Heron HillBlog

Meet our bloggers and find out what's going on at Heron Hill Winery and our other two tasting rooms on Seneca and Canandaigua Lakes! Staff members are writing about the vineyards, what's happening in the cellar, fun events, wine pairings, new releases and more.

Bernard Cannac
June 8, 2010 | Harvest | Bernard Cannac

Planting the new vineyard in front of the winery

By Bernard Cannac, Winemaker

This spring has been quite interesting so far: the latest spring frost was in mid-May, and from there the weather has been quite hot and humid.

Two weeks ago, we planted over seven acres of vines. The new planting took place mainly in front of the winery. We planted about five acres of Riesling including different clones. The diversity of the clones will bring more complexity to the wines in the future. We also planted about one acre of Muscat and one acre of Vidal Blanc, hopefully to make Icewines and Late Harvests, depending on the weather conditions.

Last fall we took some soil samples to get a soil analysis and added some lime, which was worked into the soil. In the spring, we added some natural fertilizers, which was also worked into the soil. It created a flat and smooth layer of soil for the laser planter.

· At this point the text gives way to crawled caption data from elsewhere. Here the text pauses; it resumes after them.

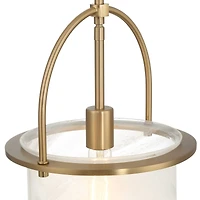 Hello Honey® Beatrice Gold & White Mid-Century Modern Handmade Marbleized Glass & Metal Ceiling Light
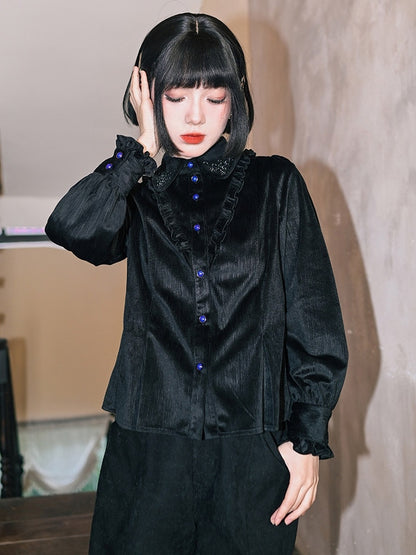 with Shirt Gothic Ruffle Sleeves Trim Black - Balloon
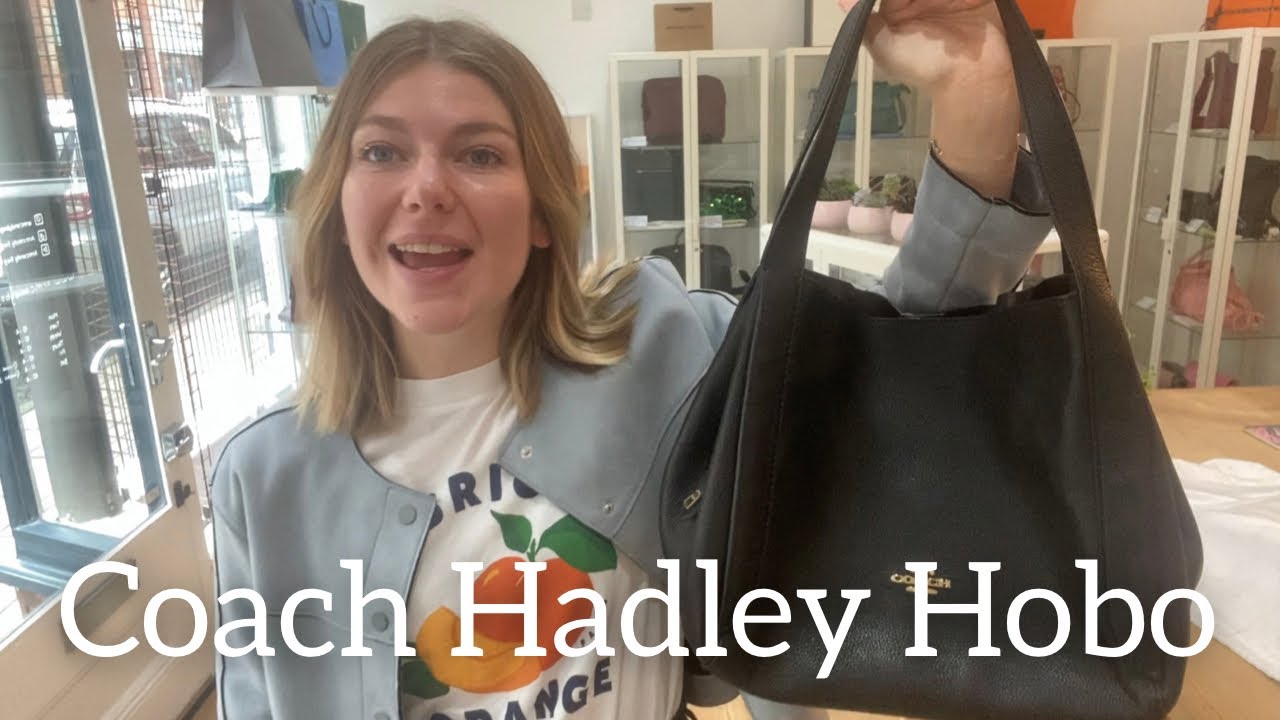 Coach Hadley 21 Leather Hobo Bag - Black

We had a team of professionals come with a laser planter to make sure that the rows were at the right spacing and that the vines were planted evenly. This equipment belongs to the Hosmer Family and their partner. On the video, you can see how the planter operates. The team first makes a survey of the field, then puts markers on the field. It looks like lines of little flags with different colors. A laser beam then goes between two tripods and the photocell on the planter runs along the beam. The tractor driver has to keep the planter in line the whole time, looking at three lights: green means right in line, orange means slightly off line but acceptable and red means that the planter lost the beam. The team makes it look easy, but it takes a lot of skills to keep the ensemble in perfect alignment with an invisible laser beam. As you can see on the video, two persons feed the machine with plants, and Zac, our Vineyard Manager was walking behind the procession to make sure no vine was missing. We took turns for three days, walking in a dust cloud under the blazing sun. I have the sunburn to remind me about that weekend. It was Memorial Day weekend, and it was memorable.

For us, it has been a lot of work to get the soil ready for the planting, and now there will be a lot of work ahead of us: each vine has to have a pencil rod, so the young shoots can be lifted off the ground, we have to put the posts in the ground, then run at least one wire this season to clip the pencil rods on this lower wire.

So far the weather has been giving us enough rain, but we might have to water the plants individually in the next few days, if it doesn’t rain.

But it is a very exciting time for us, because all this work is for the foundation of a vineyard that will be there for a few decades. Once a vineyard is planted, it is very hard to change its characteristics. So we hope we did the right things and made the right decisions, because this vineyard is here to stay. It is up to us now to take good care of it, so we can get the best grapes it can produce, so we can make the best wines, for the delight of all of us.

Even though we have been busy at the vineyard, Brian has managed to get most of the wines ready for bottling. We actually bottled the 2007 Heron Hill Cabernet Franc last week. The wine is recovering from the bottling (bottle shock). It should be released in a couple of weeks. It is a solid wine, with a lot of fresh berry on the nose. It has a big body and will age beautifully. We also blended a Reserve Cabernet Franc, which will be bottled sometime in the summer.

In spring and summer, we always have something to do, inside or outside! Santé!